* _Directions for this task_:
All the lines below should appear again unchanged, though their pictures should not.

[Opening Task inputs section]

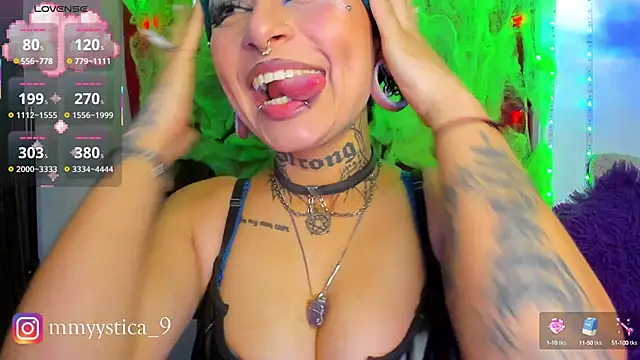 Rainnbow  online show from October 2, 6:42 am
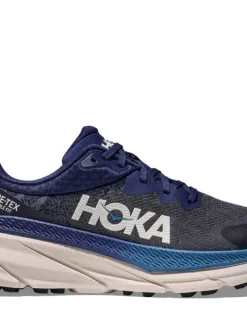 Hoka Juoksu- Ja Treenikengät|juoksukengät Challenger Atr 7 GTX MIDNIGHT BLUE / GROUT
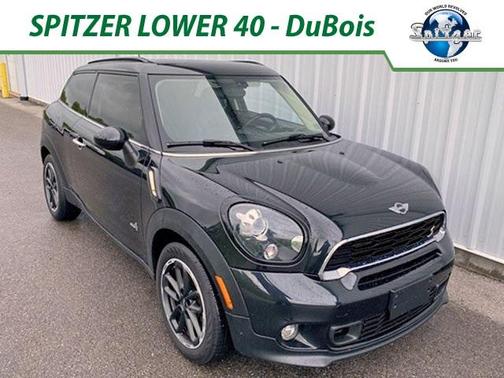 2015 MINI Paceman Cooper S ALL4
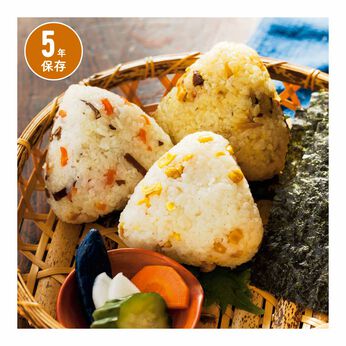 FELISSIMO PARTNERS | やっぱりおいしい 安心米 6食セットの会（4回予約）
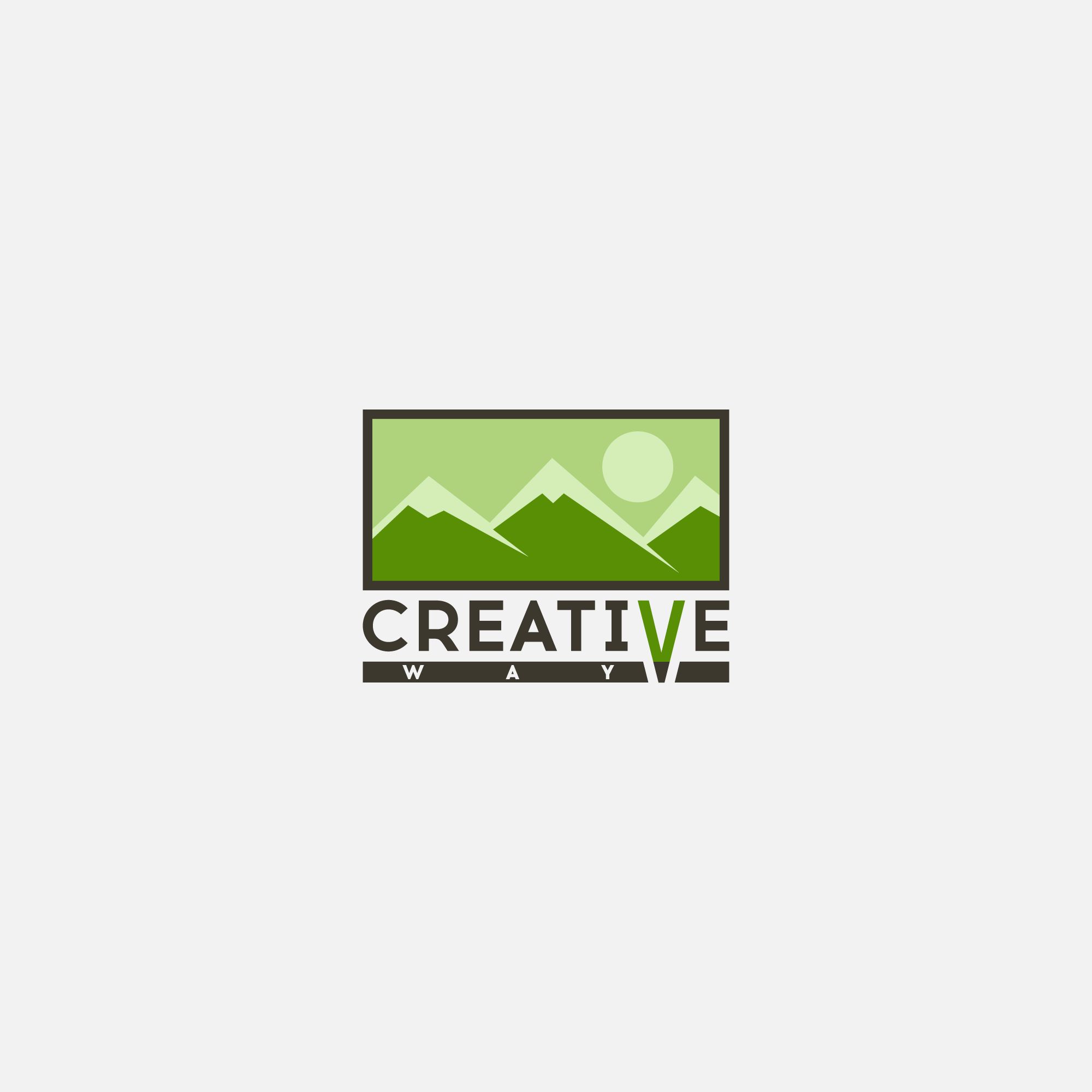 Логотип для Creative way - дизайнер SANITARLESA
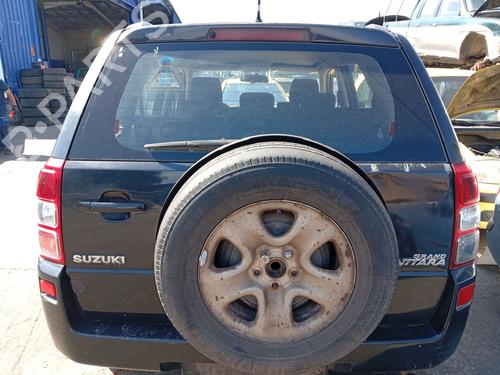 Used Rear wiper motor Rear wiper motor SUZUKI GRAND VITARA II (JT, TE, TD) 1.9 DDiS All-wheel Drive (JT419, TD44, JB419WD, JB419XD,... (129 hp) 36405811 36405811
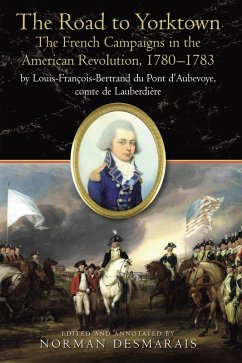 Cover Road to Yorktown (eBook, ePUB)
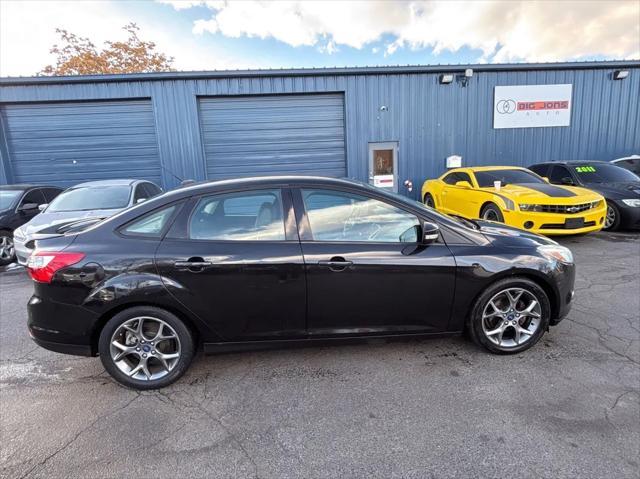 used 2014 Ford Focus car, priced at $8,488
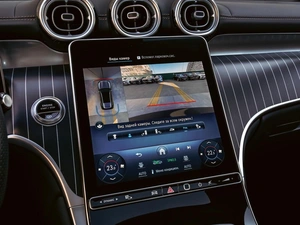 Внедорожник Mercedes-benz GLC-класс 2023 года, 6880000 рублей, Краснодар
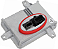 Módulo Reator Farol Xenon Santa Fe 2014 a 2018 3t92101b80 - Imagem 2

[Closing Task inputs section]

* _Exercise answer_:
 Rainnbow  online show from October 2, 6:42 am
 Hoka Juoksu- Ja Treenikengät|juoksukengät Challenger Atr 7 GTX MIDNIGHT BLUE / GROUT
 2015 MINI Paceman Cooper S ALL4
 FELISSIMO PARTNERS | やっぱりおいしい 安心米 6食セットの会（4回予約）
 Логотип для Creative way - дизайнер SANITARLESA
 Used Rear wiper motor Rear wiper motor SUZUKI GRAND VITARA II (JT, TE, TD) 1.9 DDiS All-wheel Drive (JT419, TD44, JB419WD, JB419XD,... (129 hp) 36405811 36405811
 Cover Road to Yorktown (eBook, ePUB)
 used 2014 Ford Focus car, priced at $8,488
 Внедорожник Mercedes-benz GLC-класс 2023 года, 6880000 рублей, Краснодар
 Módulo Reator Farol Xenon Santa Fe 2014 a 2018 3t92101b80 - Imagem 2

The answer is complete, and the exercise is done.